Natürlich stellten die Medien sicher, dass sich jeder Nicht-Uchtenhagen-Wähler hinterher wie ein Bewohner des Fegefeuers fühlen musste. Man litt und schwitzte – und keine Ehefrau, die auf Erden zurückgeblieben war, linderte die Hitze mit ihren Gebeten. Stattdessen musste man sich auch noch bei ihr rechtfertigen.

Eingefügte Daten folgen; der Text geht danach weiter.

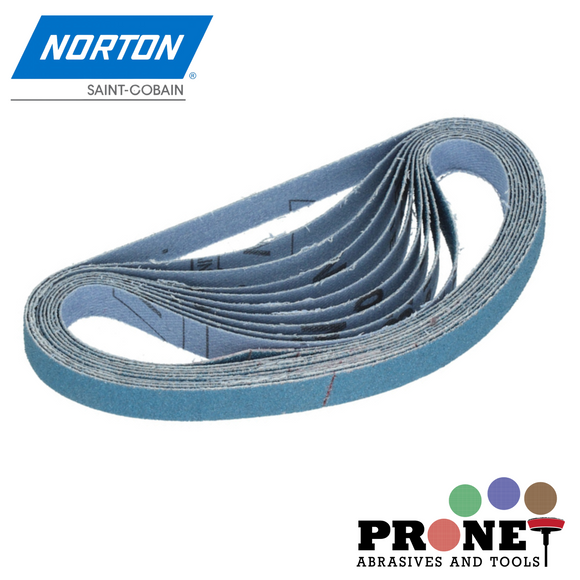 10 x 330mm NORTON R822 Premium Zirconia File Sanding Belts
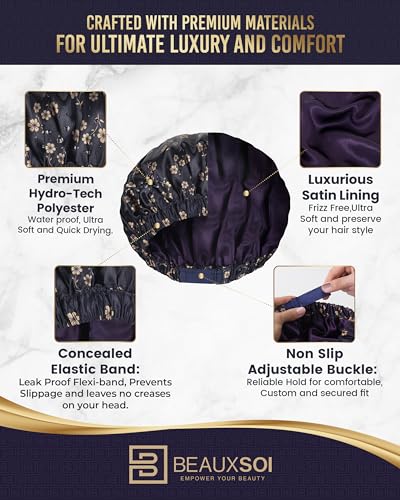 Luxury Reusable Shower Cap for Women - Satin Lined, Adjustable & Waterproof - Keeps Hair Dry- Durable Hair Bonnet by BEAUXSOI (Fleur de Nuit) - Floral design - color: Fleur de Nuit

Insbesondere der Freisinn, wo sich auch der Mastermind der Stichwahl befunden hatte, der Baselbieter Nationalrat Felix Auer, ein witziger, charmanter Typ, dem es jetzt allerdings nicht mehr zum Spassen zumute war, – in der Zitadelle der politischen Macht also nahm man sich vor, bei der nächstbesten Gelegenheit auch einmal etwas für «die Frauen» zu tun. Dass diese nächstbeste Gelegenheit schon ein Jahr später eintreffen sollte: Wer hatte das ahnen können? Warum nur musste Friedrich so früh das Handtuch werfen?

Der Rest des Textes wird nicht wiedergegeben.